For the Government, the fundamental problem with the criticisms
of the "type 2" and "type 3" procedures made by the applicant is that
he ignores the factual basis which must exist before those procedures
are followed - namely that to reveal either the category of material
or the very fact of an application would be to pre-empt the outcome and
to cause the very damage which is sought to be prevented by the
application. The majority of the applicant's criticisms go to the
limited involvement or absence of involvement of the accused and his
lawyer in such applications. If the factual basis referred to above
is found by the court to exist, that limited involvement or absence of
involvement is not merely inevitable, but necessary in order to avoid
pre-empting the outcome. A further inevitable and necessary
consequence in such cases is the fact that a detailed, public judgment
cannot be given.
The Government contend that none of the Convention organs' cases
involved a challenge to a procedure which was ex parte because that was
the only way in which to avoid pre-empting the outcome. Nor is any
such principle either inherent in Article 6 (Art. 6) of the Convention
or necessary in order to ensure the fairness of criminal proceedings.

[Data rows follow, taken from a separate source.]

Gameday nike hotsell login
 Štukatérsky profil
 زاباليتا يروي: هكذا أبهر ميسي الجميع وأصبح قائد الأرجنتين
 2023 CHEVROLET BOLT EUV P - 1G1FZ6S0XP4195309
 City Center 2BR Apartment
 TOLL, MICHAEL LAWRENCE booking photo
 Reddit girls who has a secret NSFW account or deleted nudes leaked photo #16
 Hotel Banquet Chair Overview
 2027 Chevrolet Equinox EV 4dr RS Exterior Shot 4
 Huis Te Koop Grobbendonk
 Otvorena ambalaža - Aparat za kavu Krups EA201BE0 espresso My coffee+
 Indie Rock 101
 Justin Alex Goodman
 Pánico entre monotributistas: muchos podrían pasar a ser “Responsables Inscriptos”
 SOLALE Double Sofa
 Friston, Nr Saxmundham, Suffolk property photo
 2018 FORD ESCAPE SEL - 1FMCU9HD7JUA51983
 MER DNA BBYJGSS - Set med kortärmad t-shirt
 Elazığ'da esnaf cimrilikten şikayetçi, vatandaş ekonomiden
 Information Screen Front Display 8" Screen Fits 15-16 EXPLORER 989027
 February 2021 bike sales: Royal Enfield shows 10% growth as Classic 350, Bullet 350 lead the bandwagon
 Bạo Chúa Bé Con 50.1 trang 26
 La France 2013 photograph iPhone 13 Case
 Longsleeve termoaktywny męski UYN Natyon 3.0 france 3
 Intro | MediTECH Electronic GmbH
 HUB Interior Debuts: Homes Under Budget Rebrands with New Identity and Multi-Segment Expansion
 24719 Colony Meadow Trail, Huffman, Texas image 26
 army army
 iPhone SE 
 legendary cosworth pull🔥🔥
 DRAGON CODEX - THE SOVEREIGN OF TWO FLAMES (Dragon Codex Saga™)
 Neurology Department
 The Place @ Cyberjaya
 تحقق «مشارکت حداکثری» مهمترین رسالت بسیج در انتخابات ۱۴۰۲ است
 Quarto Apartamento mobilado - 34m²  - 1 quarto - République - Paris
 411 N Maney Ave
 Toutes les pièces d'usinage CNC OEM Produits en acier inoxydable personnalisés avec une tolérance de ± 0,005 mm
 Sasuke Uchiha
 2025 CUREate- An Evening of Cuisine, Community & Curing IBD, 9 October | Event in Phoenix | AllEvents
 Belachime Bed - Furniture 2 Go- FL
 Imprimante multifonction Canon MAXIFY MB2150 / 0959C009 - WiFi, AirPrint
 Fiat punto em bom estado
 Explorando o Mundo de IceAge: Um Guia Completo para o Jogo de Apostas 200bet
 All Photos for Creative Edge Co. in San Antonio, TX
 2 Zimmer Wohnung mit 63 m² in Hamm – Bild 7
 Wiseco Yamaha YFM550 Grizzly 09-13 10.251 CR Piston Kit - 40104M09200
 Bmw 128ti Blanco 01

In the Government's view, it would be strange indeed if that were to
be the case, because such a principle would require a procedure which
rendered any subsequent decision on the issue before the court
meaningless.
The Government further submit that there has been no violation
of the rights guaranteed in Article 6 para. 1 read with para. 3(d)
(Art. 6-1, 6-3-d) of the Convention. The applicant examined witnesses
against him and could have himself called any witness to give evidence
for him. C. was not called to give evidence by either the prosecution
or the defence. The fact that a summary only of the statement made by
C. was provided to the defence was, as the judge explained, based on
the sensitivity of material contained in the original statement.
Whether fairness to the defence required more, was fully reviewed by
both the trial judge and the Court of Appeal. Both concluded that the
requirement of fairness had been met.
The Government conclude that Article 6 paras. 1 and 3(b) and 3(d)
(Art. 6-1, 6-3-b, 6-3-d) of the Convention were complied with in the
present case.
The applicant first notes that the trial judge did not fairly
direct the jury as to the role of the participation of the agent
provocateur, D.W. All participation was hidden from them by awarding
him the title of "informant" and thereby allowing the police and
prosecution to hide all his actions beneath the all encompassing shroud
of public interest immunity. He says that the credibility of the
police officers was never called into question, the extent of the
falsified, planted and fabricated evidence did not become apparent or
provable until after the trial. He claims that if the jury had been
allowed to know the full participation of D.W., acting as a paid agent
provocateur for the police, his incriminating position would not have
appeared incredible and the conclusion reached would have been almost
certainly different.
The applicant also submits that he stated in evidence that he had
been set up for reward or revenge on his co-accused C. who pleaded
guilty at the trial. He claims that his co-accused C. made 88
statements and that on one occasion, the first, his evidence has been
accepted as true, and that was this case (plea of guilty). On the two
succeeding occasions he was called to give evidence he was discredited
and never called as a prosecution witness. As it was his written
evidence, or that of it that the defence were allowed to see in the
"summary", was proved to be concocted and completely factually
inaccurate. The applicant claims that he was however cross-examined
by the prosecution on matters contained in this statement he had never
had access to and absolutely no knowledge of whatsoever.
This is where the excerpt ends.